• _Data for review_
· · · ·

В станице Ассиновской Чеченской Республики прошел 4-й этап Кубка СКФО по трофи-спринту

· · · ·

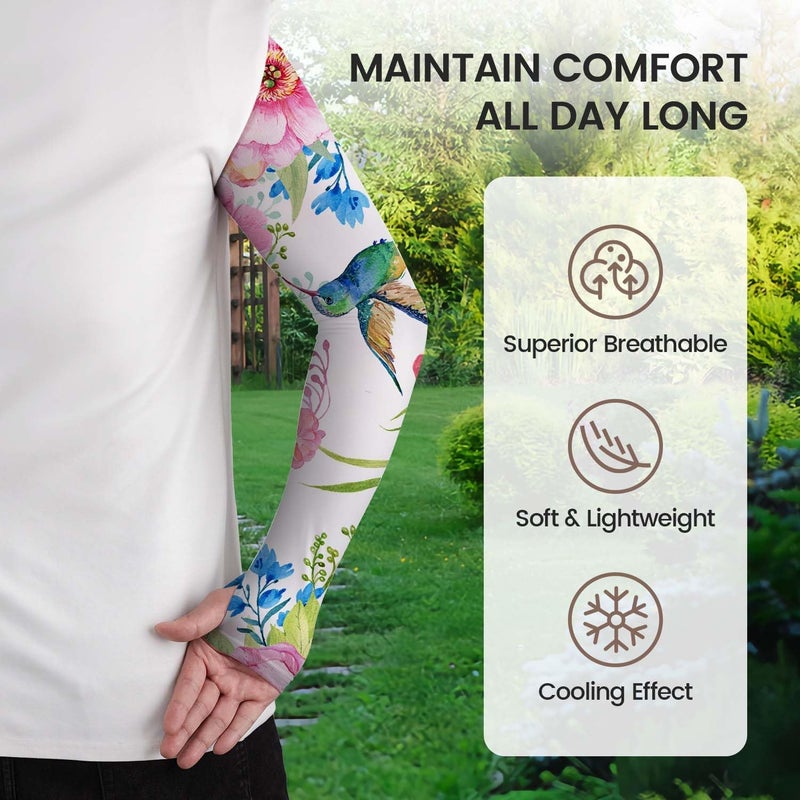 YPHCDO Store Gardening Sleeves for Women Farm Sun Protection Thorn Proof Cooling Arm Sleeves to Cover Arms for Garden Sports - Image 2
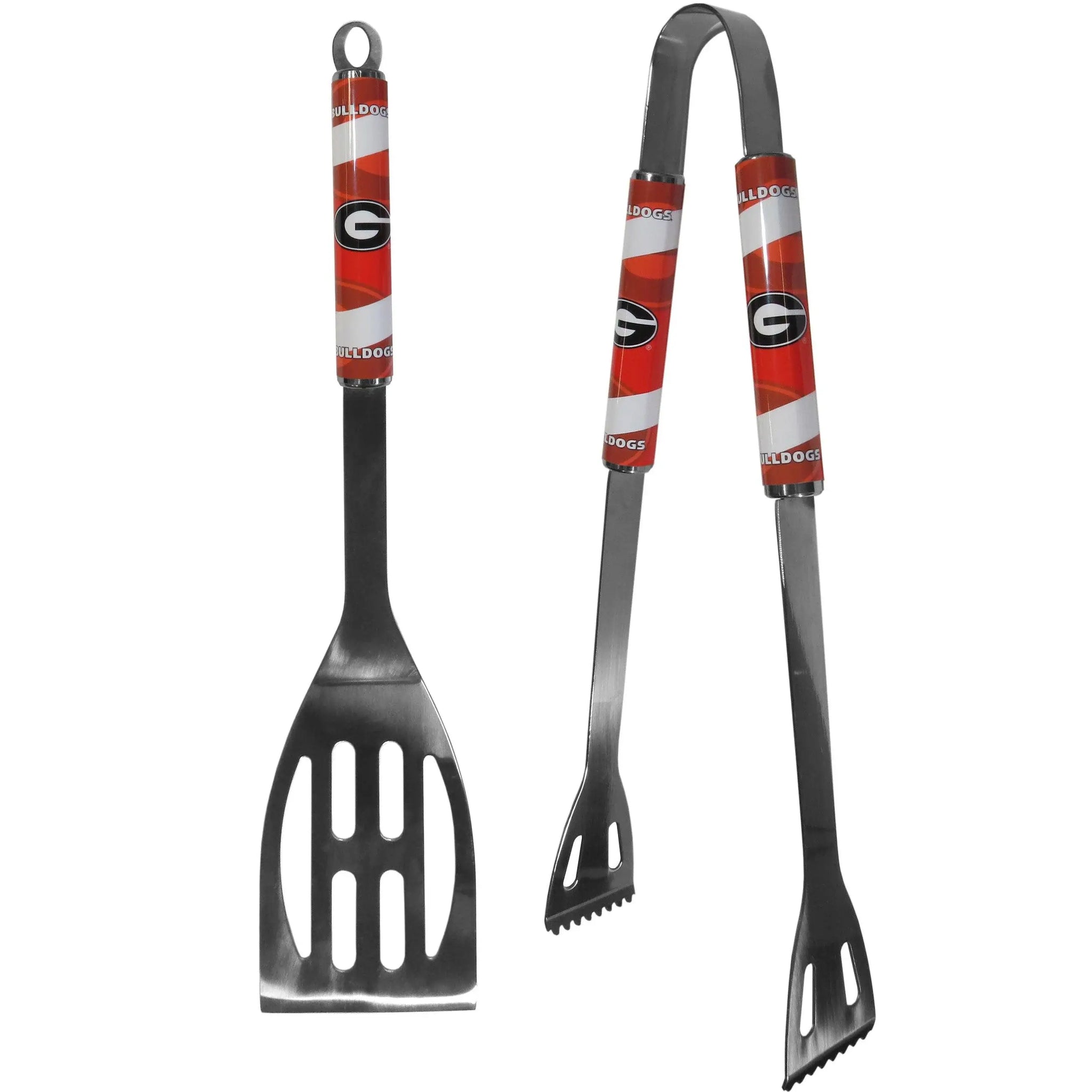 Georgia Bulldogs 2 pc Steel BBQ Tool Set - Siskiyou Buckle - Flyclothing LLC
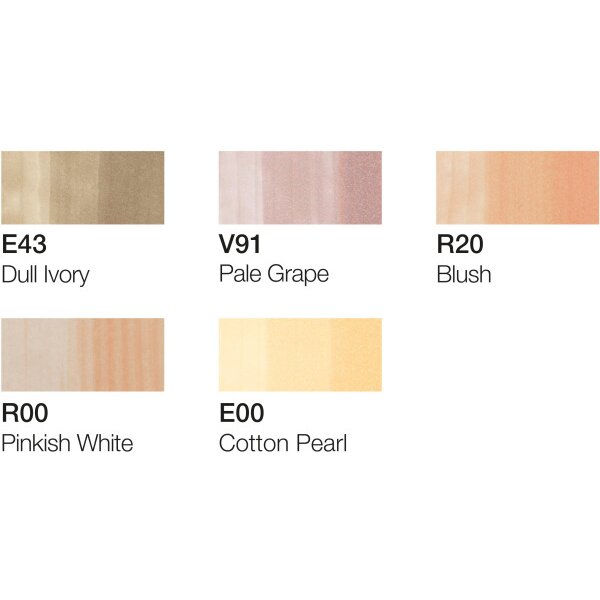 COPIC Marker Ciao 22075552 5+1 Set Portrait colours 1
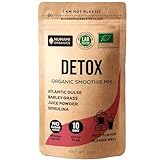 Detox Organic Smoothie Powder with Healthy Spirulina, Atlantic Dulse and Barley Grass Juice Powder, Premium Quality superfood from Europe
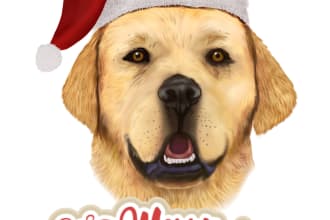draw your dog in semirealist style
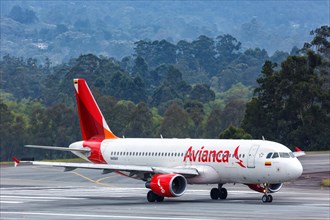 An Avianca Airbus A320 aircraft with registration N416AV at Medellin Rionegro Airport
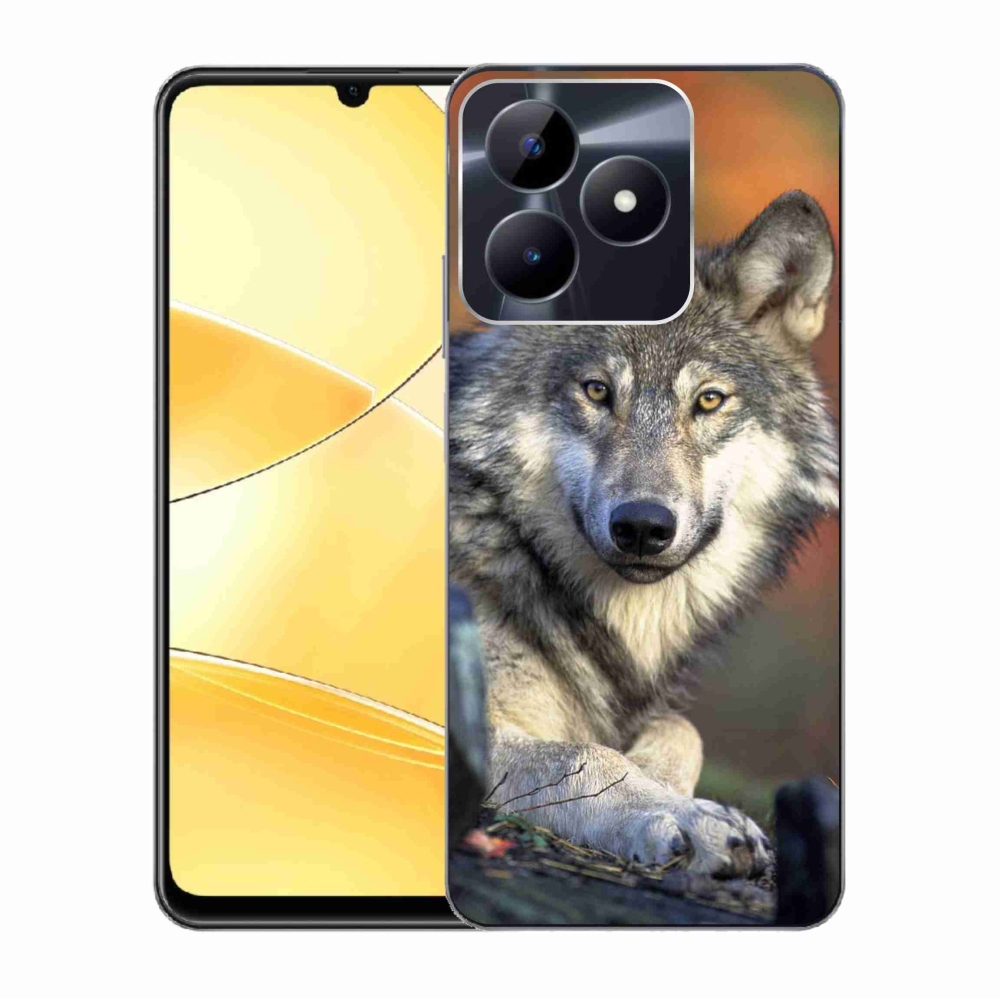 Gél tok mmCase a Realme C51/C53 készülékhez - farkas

· · · ·

• _What needs to be done_
Using the records above, print exactly the run of lines that starts with the line with "Detox Organic Smoothie" and goes on through the line with "An Avianca Airbus", pictures excluded.

• _Result for this task_
 Detox Organic Smoothie Powder with Healthy Spirulina, Atlantic Dulse and Barley Grass Juice Powder, Premium Quality superfood from Europe
draw your dog in semirealist style
 An Avianca Airbus A320 aircraft with registration N416AV at Medellin Rionegro Airport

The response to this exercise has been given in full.